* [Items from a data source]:
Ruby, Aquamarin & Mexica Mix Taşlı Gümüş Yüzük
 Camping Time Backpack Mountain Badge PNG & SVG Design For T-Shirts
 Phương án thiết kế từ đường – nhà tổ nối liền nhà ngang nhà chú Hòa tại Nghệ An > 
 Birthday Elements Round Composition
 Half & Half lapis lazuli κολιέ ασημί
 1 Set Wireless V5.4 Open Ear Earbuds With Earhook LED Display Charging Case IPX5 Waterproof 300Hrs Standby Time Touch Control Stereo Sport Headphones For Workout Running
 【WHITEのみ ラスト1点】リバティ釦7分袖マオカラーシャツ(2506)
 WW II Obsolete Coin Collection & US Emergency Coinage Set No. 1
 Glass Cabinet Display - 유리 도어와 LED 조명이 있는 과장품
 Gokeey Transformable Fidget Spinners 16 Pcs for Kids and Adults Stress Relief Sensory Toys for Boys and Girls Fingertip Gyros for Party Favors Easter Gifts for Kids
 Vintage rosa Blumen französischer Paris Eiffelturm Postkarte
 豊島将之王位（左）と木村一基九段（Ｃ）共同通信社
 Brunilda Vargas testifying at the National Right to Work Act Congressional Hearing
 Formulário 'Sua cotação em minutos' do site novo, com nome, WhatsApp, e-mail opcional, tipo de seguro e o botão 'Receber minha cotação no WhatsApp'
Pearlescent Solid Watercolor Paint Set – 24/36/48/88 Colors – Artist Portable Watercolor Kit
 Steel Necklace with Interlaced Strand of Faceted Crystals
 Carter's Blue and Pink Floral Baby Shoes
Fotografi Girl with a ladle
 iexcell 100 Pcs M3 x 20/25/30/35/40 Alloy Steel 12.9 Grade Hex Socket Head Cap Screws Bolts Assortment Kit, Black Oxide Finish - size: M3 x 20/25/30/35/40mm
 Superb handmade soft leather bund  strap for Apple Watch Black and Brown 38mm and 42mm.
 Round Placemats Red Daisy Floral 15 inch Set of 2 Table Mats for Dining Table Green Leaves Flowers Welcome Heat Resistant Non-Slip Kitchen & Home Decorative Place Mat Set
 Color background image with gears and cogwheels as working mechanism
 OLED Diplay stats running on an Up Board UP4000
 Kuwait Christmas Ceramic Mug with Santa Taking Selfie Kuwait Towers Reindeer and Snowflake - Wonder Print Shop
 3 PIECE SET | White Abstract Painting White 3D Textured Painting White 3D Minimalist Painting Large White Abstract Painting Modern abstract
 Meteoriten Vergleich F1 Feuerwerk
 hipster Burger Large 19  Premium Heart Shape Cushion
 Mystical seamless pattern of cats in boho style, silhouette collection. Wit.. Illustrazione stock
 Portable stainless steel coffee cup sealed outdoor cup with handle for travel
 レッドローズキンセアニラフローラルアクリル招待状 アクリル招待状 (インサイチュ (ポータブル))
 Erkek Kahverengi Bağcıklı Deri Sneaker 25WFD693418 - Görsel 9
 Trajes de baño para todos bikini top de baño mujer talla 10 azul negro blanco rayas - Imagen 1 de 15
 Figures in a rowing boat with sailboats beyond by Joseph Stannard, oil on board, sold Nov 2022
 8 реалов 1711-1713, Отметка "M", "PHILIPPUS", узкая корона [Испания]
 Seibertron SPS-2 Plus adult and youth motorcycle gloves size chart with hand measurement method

* [Goal of the exercise]: Copy out the lines of the records above in which the string "Floral" appears.

* [Solution to this problem]:
 Carter's Blue and Pink Floral Baby Shoes
 Round Placemats Red Daisy Floral 15 inch Set of 2 Table Mats for Dining Table Green Leaves Flowers Welcome Heat Resistant Non-Slip Kitchen & Home Decorative Place Mat Set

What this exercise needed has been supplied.